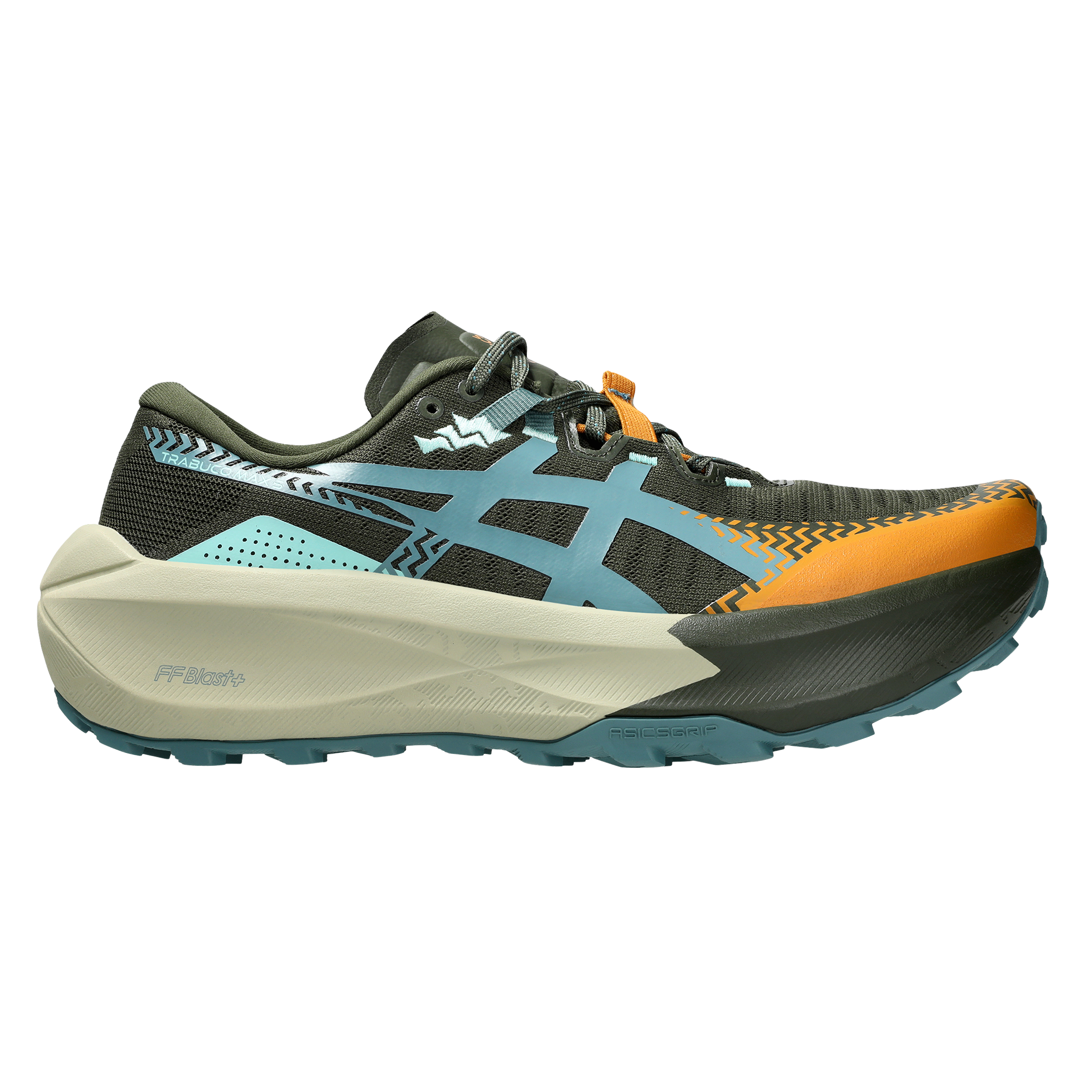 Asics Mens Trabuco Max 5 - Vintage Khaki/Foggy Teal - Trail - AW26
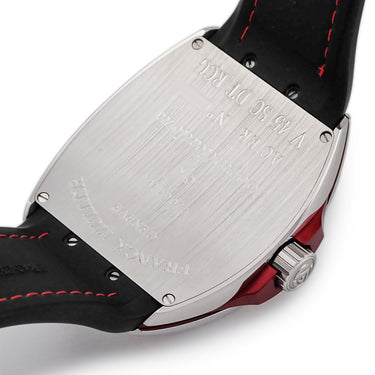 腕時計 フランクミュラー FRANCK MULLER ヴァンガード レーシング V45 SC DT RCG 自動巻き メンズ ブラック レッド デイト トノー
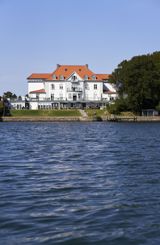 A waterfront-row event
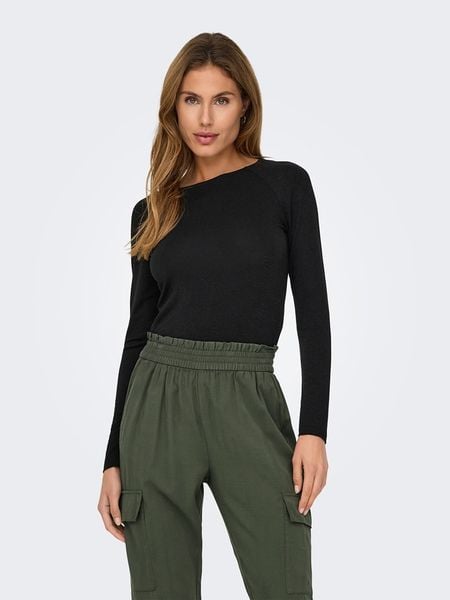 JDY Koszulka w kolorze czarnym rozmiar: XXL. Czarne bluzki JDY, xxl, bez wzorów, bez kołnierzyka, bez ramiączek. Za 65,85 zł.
###
*What you have to do*
Copy the listing word for word, excluding its pictures.

*Answer to this exercise*
 Asics Mens Trabuco Max 5 - Vintage Khaki/Foggy Teal - Trail - AW26
 腕時計 フランクミュラー FRANCK MULLER ヴァンガード レーシング V45 SC DT RCG 自動巻き メンズ ブラック レッド デイト トノー
 A waterfront-row event
 JDY Koszulka w kolorze czarnym rozmiar: XXL. Czarne bluzki JDY, xxl, bez wzorów, bez kołnierzyka, bez ramiączek. Za 65,85 zł.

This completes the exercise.